§ **EXERCISE GOAL**: Would you print the material exactly, starting at its first line and ending at the line holding "Freightliner M2 112 Truck Tractor Units"?

§ **MATERIAL PROVIDED**:

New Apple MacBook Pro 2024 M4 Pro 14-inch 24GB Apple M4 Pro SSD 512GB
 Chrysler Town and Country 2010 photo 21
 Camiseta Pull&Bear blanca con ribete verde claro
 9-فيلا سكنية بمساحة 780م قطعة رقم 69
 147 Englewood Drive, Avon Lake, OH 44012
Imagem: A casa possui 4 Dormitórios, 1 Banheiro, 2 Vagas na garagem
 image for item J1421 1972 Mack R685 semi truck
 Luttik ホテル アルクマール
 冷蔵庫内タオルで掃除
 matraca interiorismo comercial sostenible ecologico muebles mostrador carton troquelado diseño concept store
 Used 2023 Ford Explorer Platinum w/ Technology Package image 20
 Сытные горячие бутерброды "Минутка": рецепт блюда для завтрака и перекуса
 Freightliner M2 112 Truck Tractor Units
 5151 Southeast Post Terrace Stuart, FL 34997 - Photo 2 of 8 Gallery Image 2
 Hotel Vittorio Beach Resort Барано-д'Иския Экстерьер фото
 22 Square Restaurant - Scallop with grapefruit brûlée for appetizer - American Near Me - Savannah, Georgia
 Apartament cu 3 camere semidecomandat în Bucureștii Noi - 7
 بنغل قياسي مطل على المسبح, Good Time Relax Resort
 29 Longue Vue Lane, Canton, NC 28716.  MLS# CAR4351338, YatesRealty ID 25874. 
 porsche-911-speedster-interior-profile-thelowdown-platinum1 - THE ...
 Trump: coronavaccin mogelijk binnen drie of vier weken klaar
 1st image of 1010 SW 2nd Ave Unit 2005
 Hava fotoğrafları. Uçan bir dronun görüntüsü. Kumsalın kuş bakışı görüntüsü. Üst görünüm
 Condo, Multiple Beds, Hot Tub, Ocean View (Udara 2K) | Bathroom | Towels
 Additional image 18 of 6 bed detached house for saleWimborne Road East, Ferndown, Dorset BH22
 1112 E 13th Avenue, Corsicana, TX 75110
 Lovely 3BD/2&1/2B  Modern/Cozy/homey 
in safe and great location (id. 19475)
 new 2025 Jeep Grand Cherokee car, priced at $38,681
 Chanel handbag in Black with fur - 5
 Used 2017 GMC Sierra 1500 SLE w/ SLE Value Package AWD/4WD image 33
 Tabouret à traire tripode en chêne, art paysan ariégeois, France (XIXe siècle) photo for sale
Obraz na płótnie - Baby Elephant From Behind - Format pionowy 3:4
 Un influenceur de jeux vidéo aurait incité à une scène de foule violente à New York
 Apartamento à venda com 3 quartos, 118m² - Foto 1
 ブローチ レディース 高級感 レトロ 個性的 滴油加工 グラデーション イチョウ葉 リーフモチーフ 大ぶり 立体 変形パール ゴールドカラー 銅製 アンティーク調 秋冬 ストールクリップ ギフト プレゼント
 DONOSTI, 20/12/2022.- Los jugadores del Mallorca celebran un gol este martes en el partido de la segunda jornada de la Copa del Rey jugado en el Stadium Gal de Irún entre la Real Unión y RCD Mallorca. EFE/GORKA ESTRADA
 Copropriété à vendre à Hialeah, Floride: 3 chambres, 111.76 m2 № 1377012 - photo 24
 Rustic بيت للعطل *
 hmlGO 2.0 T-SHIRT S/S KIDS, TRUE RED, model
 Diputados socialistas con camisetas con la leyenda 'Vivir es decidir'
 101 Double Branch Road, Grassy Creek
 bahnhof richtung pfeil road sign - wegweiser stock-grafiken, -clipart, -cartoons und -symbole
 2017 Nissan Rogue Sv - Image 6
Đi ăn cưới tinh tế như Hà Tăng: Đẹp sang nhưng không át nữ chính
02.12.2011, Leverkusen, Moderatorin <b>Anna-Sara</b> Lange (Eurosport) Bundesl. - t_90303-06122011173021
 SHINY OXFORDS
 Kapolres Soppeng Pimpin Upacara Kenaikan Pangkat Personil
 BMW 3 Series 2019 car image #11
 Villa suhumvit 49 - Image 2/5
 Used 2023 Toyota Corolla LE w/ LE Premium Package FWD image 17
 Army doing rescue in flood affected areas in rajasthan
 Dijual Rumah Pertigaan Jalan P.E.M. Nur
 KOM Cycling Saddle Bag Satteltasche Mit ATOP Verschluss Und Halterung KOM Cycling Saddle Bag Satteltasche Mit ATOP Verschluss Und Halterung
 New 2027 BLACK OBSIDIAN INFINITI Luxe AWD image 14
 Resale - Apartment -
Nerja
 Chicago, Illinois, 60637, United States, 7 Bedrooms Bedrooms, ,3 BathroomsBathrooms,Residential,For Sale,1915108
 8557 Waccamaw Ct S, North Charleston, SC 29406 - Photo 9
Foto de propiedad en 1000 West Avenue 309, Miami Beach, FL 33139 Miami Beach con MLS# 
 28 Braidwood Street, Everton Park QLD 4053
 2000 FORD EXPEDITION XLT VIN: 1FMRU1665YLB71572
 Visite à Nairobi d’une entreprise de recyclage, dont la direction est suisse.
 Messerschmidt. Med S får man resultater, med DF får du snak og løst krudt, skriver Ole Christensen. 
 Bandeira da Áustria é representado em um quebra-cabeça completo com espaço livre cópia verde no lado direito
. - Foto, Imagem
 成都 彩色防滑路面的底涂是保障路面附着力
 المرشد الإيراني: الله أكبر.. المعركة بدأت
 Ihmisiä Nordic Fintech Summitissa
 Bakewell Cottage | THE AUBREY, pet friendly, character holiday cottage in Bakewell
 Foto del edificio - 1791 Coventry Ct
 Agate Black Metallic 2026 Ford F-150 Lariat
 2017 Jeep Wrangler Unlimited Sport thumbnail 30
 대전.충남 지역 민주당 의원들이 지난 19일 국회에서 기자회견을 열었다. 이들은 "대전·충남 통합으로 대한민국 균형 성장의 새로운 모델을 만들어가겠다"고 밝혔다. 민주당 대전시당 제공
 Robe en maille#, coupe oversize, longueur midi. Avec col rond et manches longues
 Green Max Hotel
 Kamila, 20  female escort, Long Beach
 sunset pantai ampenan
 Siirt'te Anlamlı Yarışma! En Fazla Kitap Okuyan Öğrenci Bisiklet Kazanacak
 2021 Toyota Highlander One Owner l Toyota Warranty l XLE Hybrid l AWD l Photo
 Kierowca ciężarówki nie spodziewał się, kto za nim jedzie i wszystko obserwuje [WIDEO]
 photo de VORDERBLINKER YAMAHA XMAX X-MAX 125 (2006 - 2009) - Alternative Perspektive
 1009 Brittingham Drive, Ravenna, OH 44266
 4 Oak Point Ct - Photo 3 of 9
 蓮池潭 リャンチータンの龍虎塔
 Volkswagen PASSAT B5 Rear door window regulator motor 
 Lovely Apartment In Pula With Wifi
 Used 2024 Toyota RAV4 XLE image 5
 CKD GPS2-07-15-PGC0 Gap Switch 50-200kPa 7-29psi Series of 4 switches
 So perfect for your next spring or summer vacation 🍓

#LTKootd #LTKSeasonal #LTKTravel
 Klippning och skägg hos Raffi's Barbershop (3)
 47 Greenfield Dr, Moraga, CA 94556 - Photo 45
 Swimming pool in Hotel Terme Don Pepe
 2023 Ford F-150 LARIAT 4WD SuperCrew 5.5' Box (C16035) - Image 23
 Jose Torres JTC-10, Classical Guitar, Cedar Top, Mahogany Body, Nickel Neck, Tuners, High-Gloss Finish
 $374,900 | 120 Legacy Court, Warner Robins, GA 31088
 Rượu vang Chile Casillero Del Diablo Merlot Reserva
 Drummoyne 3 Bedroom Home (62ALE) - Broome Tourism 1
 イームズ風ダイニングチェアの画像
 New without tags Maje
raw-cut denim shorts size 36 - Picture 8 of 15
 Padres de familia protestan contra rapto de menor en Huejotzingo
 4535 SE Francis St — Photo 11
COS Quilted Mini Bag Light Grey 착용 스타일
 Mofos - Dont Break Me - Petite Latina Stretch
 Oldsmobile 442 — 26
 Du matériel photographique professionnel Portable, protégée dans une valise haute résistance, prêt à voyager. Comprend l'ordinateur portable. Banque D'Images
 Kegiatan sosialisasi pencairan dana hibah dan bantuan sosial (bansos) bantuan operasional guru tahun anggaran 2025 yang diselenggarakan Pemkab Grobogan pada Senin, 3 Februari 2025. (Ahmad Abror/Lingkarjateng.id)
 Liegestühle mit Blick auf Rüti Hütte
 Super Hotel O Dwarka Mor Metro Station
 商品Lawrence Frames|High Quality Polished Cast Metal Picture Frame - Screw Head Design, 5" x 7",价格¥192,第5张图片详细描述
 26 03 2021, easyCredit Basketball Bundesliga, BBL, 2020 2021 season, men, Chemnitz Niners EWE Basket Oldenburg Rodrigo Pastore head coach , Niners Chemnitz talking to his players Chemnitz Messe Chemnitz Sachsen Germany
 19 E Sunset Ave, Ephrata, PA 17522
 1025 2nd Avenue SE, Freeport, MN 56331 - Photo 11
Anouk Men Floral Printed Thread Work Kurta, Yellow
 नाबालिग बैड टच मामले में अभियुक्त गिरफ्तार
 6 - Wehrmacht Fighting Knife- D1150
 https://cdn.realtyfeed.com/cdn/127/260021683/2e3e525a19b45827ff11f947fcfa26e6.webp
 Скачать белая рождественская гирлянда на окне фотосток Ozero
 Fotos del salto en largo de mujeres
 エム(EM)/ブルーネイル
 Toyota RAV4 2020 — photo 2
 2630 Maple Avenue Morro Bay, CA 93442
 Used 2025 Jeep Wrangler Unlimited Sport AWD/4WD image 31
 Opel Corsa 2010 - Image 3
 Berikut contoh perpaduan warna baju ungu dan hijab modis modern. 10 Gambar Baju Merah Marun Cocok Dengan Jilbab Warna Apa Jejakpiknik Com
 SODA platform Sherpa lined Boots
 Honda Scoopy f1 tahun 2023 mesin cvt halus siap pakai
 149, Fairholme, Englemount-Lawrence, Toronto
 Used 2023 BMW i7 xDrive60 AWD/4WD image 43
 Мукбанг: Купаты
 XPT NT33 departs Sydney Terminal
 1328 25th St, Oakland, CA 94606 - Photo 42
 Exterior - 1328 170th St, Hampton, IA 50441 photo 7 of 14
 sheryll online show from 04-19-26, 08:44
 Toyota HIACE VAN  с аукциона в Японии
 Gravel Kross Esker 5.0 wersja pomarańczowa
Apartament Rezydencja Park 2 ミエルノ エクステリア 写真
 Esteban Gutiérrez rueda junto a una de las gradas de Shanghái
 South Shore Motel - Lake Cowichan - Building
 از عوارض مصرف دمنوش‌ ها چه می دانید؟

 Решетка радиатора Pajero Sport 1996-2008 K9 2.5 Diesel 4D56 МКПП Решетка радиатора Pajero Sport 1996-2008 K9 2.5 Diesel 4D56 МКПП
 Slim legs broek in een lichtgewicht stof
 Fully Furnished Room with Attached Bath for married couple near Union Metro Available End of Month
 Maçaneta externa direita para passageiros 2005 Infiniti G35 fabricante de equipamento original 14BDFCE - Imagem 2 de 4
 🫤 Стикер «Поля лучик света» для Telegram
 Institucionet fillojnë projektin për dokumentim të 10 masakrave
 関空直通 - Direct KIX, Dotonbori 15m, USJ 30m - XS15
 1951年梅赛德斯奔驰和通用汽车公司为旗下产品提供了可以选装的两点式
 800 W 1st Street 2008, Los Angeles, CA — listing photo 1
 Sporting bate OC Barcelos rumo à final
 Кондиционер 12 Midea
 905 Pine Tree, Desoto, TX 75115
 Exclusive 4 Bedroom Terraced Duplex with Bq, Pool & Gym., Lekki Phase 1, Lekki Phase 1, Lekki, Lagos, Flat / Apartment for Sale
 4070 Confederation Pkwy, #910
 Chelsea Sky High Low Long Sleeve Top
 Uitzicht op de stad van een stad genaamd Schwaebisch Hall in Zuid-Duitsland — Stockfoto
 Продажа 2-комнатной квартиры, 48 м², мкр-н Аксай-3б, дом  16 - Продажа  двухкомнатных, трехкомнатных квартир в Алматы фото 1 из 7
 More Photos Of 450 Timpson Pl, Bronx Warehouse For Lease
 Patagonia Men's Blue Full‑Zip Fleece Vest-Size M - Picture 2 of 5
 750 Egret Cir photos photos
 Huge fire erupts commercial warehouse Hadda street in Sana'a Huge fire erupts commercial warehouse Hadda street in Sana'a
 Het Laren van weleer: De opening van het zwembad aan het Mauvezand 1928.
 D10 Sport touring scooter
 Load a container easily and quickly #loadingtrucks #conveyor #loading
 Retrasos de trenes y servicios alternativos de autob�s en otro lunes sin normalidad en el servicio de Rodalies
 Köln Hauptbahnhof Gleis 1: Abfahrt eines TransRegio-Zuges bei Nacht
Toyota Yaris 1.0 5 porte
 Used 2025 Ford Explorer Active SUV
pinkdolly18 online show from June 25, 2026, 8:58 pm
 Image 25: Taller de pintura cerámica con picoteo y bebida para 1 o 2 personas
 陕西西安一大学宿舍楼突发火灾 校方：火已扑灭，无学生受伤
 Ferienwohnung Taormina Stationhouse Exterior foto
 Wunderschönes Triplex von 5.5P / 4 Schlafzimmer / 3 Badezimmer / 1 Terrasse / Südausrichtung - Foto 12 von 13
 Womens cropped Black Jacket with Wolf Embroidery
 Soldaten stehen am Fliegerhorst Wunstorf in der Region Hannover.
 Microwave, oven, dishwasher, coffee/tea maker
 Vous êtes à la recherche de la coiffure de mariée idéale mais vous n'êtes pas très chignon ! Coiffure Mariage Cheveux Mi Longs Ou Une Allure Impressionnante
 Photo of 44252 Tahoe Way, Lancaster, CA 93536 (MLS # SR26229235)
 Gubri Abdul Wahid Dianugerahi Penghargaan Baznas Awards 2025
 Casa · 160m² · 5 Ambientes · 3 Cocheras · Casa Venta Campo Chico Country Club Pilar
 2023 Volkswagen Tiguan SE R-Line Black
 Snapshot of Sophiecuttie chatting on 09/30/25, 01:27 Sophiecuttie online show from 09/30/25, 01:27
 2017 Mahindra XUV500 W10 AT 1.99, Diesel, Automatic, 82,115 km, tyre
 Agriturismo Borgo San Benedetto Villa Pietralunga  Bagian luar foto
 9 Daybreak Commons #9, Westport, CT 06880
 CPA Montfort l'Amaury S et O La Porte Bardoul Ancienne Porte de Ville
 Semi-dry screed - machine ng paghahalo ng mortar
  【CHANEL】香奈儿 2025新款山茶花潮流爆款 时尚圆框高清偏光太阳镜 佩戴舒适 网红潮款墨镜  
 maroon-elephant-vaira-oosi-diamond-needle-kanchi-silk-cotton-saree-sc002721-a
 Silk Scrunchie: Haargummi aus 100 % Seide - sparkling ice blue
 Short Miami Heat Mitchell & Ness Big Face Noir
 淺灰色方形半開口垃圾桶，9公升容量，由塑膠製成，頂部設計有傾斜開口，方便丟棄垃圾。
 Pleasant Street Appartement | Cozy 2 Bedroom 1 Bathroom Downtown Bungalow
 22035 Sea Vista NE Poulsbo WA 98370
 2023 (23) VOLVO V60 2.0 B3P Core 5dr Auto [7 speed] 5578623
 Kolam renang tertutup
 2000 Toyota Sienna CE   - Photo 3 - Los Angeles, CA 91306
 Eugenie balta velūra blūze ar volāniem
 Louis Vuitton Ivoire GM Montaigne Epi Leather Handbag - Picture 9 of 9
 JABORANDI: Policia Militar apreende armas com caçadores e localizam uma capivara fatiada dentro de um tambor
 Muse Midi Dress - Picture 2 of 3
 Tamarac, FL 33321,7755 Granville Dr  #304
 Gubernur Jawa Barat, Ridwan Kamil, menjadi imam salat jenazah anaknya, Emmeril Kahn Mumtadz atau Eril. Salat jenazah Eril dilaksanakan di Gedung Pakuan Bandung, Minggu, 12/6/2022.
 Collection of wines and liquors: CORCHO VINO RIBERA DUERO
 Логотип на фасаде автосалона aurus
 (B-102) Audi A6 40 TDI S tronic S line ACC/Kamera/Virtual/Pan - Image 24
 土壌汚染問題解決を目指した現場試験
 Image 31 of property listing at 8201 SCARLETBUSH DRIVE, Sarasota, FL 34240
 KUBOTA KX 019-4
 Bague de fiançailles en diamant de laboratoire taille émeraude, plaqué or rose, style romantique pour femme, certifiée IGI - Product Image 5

§ **RESPONSE TO THIS TASK**:
New Apple MacBook Pro 2024 M4 Pro 14-inch 24GB Apple M4 Pro SSD 512GB
 Chrysler Town and Country 2010 photo 21
 Camiseta Pull&Bear blanca con ribete verde claro
 9-فيلا سكنية بمساحة 780م قطعة رقم 69
 147 Englewood Drive, Avon Lake, OH 44012
Imagem: A casa possui 4 Dormitórios, 1 Banheiro, 2 Vagas na garagem
 image for item J1421 1972 Mack R685 semi truck
 Luttik ホテル アルクマール
 冷蔵庫内タオルで掃除
 matraca interiorismo comercial sostenible ecologico muebles mostrador carton troquelado diseño concept store
 Used 2023 Ford Explorer Platinum w/ Technology Package image 20
 Сытные горячие бутерброды "Минутка": рецепт блюда для завтрака и перекуса
 Freightliner M2 112 Truck Tractor Units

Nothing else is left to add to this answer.